**What the task asks**.
The answer should consist of each line from the data below that includes "Design".
-- The input follows --
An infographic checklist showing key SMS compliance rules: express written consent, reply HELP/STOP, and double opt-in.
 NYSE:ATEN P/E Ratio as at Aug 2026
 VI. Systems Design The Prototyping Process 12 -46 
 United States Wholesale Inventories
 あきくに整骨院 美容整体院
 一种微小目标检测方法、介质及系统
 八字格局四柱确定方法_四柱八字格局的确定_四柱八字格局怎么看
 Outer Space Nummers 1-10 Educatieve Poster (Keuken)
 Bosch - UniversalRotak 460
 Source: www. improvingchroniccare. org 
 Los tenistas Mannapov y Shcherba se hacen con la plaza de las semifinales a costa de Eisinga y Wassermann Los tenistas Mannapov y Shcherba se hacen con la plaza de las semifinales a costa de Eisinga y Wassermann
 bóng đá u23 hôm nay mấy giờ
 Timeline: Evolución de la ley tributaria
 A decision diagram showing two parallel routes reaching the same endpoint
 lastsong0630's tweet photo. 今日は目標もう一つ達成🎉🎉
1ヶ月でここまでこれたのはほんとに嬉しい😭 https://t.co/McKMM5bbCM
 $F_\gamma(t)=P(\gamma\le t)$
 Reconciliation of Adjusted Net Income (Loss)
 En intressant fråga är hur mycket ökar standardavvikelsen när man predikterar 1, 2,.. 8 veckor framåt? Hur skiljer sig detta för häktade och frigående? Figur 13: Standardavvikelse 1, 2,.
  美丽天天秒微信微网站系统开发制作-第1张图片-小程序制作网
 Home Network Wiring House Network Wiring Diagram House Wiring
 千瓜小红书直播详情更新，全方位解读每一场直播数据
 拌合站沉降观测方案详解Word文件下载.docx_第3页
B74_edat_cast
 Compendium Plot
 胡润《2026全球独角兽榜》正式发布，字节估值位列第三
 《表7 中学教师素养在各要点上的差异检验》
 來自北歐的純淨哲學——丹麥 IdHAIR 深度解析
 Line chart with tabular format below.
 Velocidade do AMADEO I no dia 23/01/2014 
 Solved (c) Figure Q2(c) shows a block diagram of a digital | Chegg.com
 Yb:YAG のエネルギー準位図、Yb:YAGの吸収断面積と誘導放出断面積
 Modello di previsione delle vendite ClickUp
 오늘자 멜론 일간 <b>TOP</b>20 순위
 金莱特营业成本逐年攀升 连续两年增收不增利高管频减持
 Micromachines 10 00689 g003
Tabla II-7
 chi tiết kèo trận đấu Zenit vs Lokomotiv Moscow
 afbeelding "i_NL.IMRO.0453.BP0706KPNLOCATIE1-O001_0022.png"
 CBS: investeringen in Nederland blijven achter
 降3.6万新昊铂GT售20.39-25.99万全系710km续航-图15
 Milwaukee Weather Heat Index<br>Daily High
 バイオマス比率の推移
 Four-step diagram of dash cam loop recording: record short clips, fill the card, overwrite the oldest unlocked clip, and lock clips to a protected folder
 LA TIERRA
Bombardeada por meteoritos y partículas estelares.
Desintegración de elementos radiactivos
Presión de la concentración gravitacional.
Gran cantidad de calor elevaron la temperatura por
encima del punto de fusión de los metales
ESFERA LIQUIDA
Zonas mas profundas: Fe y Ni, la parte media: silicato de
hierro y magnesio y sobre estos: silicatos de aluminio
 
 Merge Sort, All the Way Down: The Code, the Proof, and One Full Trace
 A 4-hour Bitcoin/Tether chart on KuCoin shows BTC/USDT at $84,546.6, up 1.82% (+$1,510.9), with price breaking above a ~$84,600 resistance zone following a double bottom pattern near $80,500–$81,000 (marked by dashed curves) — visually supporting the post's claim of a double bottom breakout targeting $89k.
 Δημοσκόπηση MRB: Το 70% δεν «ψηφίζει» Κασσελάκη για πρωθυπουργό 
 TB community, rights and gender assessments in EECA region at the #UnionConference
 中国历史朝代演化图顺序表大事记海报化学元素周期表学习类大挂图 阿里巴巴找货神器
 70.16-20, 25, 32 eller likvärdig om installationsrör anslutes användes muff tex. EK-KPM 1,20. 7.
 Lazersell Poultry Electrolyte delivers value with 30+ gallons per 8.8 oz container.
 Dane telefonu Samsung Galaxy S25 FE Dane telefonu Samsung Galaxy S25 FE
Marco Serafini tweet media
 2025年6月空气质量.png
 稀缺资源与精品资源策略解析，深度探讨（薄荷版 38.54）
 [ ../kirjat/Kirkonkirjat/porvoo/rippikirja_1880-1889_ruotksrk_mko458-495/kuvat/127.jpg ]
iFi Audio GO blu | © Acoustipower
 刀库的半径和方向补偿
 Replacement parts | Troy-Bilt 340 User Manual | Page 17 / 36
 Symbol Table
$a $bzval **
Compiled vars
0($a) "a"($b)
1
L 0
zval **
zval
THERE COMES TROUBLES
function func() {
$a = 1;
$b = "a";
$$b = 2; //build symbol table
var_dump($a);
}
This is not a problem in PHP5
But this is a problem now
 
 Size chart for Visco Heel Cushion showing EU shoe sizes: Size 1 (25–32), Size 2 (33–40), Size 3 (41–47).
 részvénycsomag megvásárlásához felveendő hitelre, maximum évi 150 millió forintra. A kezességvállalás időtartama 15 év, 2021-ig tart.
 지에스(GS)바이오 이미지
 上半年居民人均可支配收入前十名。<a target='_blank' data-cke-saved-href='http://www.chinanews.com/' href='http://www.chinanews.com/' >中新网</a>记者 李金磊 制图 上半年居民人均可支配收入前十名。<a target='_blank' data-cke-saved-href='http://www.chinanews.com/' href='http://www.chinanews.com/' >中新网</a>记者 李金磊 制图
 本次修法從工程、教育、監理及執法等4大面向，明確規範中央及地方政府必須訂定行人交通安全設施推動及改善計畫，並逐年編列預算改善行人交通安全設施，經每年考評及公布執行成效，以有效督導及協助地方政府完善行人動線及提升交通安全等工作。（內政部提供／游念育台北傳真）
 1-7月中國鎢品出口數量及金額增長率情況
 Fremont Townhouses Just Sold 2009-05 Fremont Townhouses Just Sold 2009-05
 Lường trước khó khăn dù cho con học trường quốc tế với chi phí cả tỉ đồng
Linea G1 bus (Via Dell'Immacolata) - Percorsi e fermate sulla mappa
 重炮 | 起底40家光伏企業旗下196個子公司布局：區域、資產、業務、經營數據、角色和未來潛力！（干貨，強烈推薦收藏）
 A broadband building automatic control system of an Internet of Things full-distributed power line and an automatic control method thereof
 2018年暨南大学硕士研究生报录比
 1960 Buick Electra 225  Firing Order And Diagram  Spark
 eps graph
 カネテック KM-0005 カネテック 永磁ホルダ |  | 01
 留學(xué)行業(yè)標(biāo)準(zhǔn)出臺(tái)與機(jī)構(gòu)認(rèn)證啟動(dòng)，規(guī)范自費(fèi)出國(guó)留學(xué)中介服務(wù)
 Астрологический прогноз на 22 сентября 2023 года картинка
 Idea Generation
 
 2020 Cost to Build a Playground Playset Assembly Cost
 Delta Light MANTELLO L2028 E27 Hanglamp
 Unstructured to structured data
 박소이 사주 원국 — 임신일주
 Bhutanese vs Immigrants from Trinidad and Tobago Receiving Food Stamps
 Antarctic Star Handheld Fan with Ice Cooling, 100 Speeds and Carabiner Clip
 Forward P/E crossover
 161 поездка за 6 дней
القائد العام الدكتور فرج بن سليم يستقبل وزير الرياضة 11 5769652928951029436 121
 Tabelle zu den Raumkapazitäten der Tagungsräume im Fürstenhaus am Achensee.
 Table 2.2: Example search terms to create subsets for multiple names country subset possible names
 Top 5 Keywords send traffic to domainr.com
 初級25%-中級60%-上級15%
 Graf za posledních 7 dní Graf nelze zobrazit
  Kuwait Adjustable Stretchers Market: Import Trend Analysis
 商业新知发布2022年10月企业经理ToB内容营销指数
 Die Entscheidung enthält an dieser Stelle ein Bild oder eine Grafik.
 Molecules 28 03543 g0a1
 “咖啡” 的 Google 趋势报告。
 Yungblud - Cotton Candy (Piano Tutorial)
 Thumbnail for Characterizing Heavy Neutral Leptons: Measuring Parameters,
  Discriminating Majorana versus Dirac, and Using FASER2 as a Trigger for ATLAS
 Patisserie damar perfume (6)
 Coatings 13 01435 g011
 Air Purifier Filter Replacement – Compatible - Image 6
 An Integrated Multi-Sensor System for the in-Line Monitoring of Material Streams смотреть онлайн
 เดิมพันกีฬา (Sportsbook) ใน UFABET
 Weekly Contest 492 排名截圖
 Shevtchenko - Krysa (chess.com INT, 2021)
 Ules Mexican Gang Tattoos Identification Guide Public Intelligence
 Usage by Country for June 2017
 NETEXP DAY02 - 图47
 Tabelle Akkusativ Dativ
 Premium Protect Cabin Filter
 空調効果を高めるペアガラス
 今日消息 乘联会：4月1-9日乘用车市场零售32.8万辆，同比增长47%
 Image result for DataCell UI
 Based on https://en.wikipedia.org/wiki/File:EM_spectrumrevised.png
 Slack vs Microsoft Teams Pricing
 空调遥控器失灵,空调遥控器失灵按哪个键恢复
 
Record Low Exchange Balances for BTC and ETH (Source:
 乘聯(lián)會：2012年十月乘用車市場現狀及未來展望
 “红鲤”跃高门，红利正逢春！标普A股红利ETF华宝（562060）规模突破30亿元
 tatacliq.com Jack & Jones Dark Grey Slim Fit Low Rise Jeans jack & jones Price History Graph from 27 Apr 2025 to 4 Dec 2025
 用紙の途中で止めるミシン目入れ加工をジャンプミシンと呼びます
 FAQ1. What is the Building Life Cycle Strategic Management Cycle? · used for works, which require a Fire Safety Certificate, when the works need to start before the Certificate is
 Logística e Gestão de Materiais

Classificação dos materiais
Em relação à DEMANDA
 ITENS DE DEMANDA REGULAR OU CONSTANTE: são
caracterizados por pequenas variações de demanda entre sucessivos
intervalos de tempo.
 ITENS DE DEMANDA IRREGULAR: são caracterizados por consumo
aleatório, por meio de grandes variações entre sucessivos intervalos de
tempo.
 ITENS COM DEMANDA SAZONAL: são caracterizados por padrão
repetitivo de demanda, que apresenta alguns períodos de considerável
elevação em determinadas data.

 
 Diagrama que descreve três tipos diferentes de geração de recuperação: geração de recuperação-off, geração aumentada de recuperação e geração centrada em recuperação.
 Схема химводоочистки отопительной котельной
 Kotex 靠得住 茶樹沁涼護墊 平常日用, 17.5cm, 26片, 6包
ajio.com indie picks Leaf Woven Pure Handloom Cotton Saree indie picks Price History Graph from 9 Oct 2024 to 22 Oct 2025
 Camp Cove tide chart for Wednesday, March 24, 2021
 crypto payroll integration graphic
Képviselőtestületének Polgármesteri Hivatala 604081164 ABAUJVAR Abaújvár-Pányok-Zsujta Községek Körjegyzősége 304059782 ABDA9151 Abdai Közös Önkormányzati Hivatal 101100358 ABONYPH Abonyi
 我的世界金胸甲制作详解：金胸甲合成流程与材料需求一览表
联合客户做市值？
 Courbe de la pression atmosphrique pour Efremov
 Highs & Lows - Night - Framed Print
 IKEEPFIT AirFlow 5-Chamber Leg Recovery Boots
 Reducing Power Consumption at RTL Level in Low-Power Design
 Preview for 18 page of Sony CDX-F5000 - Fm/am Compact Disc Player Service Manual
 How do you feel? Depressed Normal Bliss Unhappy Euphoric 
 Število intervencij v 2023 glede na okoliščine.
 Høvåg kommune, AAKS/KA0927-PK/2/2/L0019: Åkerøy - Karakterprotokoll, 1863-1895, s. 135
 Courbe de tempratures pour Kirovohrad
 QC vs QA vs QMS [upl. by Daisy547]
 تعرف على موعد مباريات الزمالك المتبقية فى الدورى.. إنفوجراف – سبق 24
-- The input concluded --
**Exercise result**.
 VI. Systems Design The Prototyping Process 12 -46 
 Reducing Power Consumption at RTL Level in Low-Power Design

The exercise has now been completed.